### Work to complete
Would you return exactly the lines below from the line with "Golfing equipment collection" through the line with "dark_skin dual_persona earrings", both included, and nothing else, leaving out the pictures?

### Available data
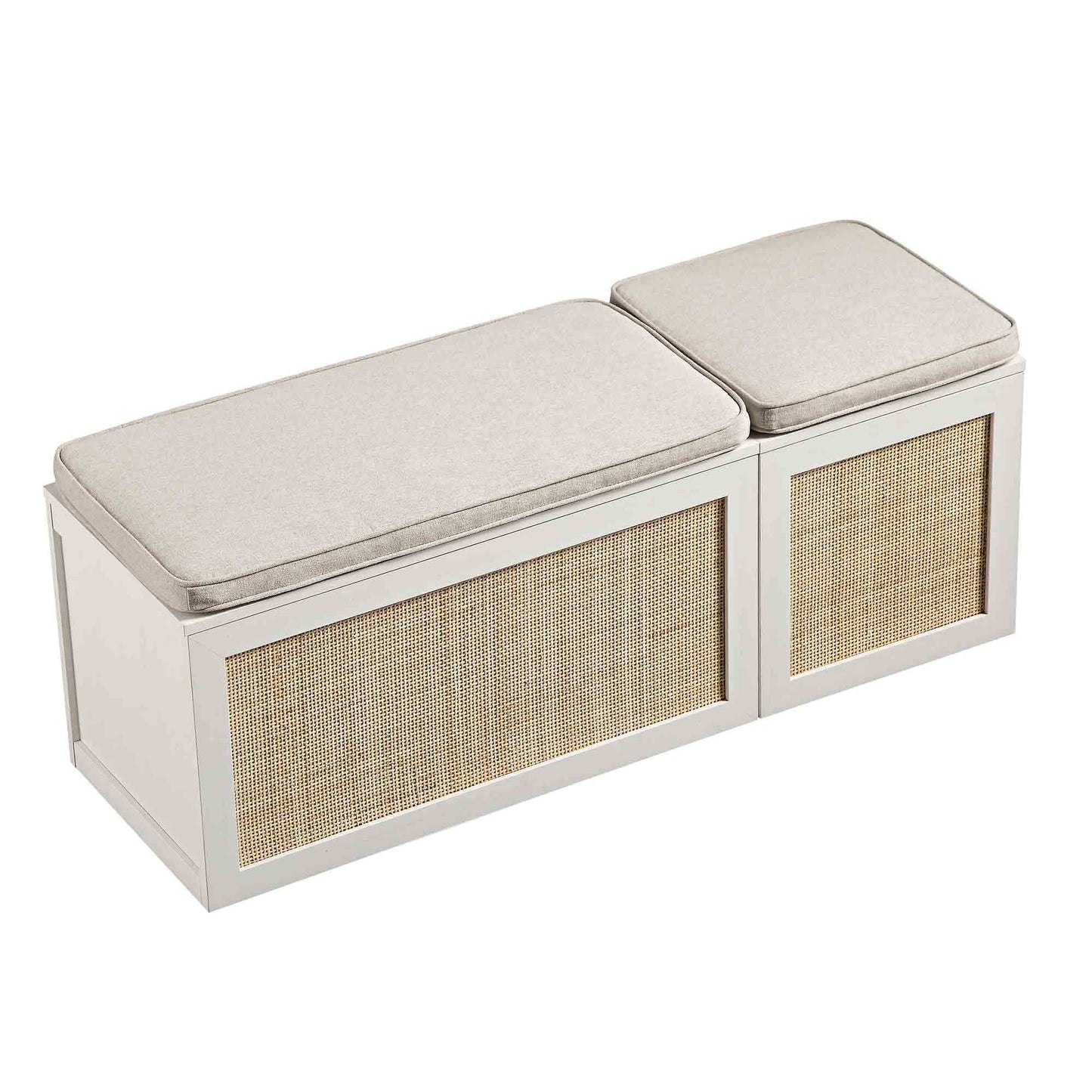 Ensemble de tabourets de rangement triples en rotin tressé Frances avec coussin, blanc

--

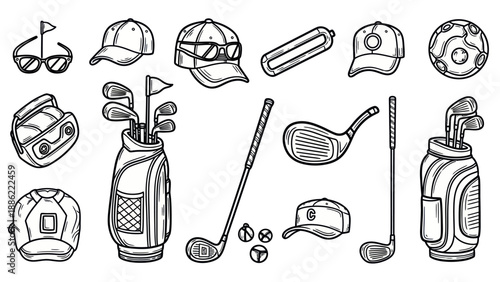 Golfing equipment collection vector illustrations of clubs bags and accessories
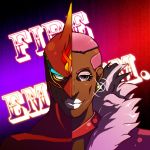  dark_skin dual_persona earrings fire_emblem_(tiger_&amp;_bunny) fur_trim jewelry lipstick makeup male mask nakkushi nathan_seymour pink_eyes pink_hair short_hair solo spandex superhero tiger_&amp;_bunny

...

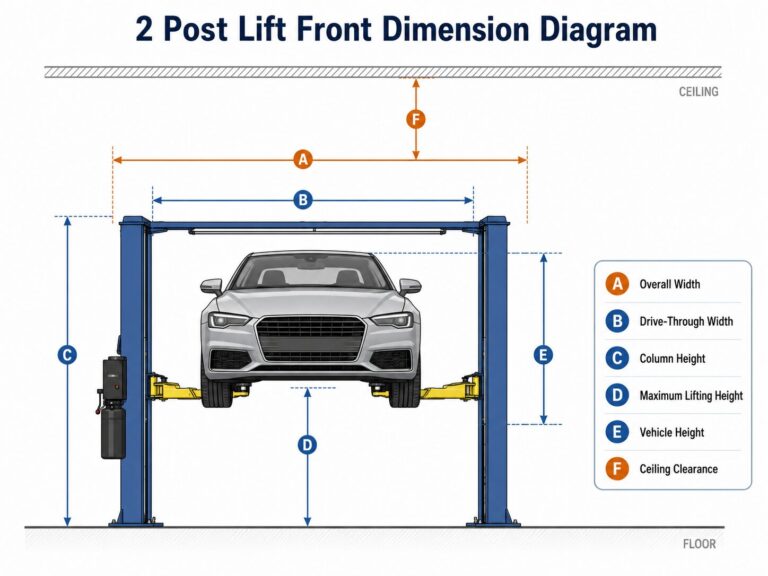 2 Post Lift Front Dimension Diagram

### Task output
 Golfing equipment collection vector illustrations of clubs bags and accessories
  dark_skin dual_persona earrings fire_emblem_(tiger_&amp;_bunny) fur_trim jewelry lipstick makeup male mask nakkushi nathan_seymour pink_eyes pink_hair short_hair solo spandex superhero tiger_&amp;_bunny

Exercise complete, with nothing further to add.